I have been interested in American history. Especially the Black history. Their stories in the past hit me hard because of what they had been through and how they overcame to affirm their position in the United States of America. But unfortunately, there is still racism in our daily life toward Black people and other races different than white. We are celebrating Black history month. So, I would like to spend this week writing about my opinion on Black history and its legacies. I hope that from the view of an immigrant interested in Black history and culture, I can dedicate myself to the previous generation of Black people and to this generation who is still fighting against racism and for equality.


In this first post, I would like to focus on education. Dr. Martin Luther King used to say: “Darkness cannot drive out darkness. Only light can do it.” Racism is something Americans of all generations witnessed. Race was created socially, primarily by how people perceive ideas and faces we are not quite used to. The concept of race as classifying people can be seen as misleading and prejudicial as it’s involved in the quality of human life.

Source: Boston University School of Social Work


Since the first day of building America, slavery has been the root of all racism in America until today. The inhumane treatment, the disapproval of citizenship, and the inequality in everything had put racism into a vicious system of racial discrimination and prejudice. Among the inequality of everything, education is the most severe problem that many significant case landmarks made by the Supreme Court have changed education forever and created more diversity in every school nowadays. It came a long way.


Racism has begun during the days of building America since the time of slavery. While drafting the Declaration of Independence, the term “vehement philippic against negro slavery” was added by John Adams to condemn slavery. But eventually, it was dropped from the official version by the Continental Congress. This led to an open opportunity to expand slavery and racism.
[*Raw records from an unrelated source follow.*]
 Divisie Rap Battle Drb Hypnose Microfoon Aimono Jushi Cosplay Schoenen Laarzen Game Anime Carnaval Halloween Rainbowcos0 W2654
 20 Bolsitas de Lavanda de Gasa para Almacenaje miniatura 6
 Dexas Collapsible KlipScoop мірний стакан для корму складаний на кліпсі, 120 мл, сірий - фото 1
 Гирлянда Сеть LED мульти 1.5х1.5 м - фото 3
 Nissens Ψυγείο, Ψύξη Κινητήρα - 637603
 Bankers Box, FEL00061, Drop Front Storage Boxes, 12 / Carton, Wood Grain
Even the Constitution didn’t include the word “slavery.” The Framers ignored it because if including it, slavery would make the Constitution ugly and leave a stain. Fredrick Douglas, an abolitionist, saw that action as a “scaffolding”. He argued that the Framers were trying to hide away their support of slavery to build a structure of a new Union, and once things were done, slavery would be forgotten, and nothing could end it. (Rossum and Tarr, 504)


Beginning with “Separate but equal,” a term based on Jim Crow law. It asserted that African Americans should be equal to the white community. They would have separate swimming pools, eating places, restrooms, and public schools. The concept was supported a lot by the white community.


It all came back to Plessy v. Ferguson in 1896, a case that changed the course of history forever and acted as a detonator of a bomb that led to the path of the Civil Right movement in the 20th century. On June 7, 1892, Homer Plessy was arrested for taking a vacant seat in a white-only section on a train from New Orlean to Louisiana. He later filed a lawsuit against Honor John H. Ferguson, claiming that the law violated the Equal Protection Clause of the 14th Amendment. It was evident that Plessy was doing the right thing because the Clause stated that a state’s laws must treat everyone in its jurisdiction the same as they treat others. But at that time, there was no way a black man could sit next to a white man without any problem. The Supreme Court held that Plessy v. Ferguson had nothing to do with the 13th Amendment and supported state racial segregation so that African Americans could have the same like white. Justice Henry Brown said. “If the civil and political rights of both races are equal, one cannot be inferior to the other civilly or politically. If one race is inferior to the other socially, the Constitution of the United States cannot put them upon the same plane.” (Rossum and Tarr, 523).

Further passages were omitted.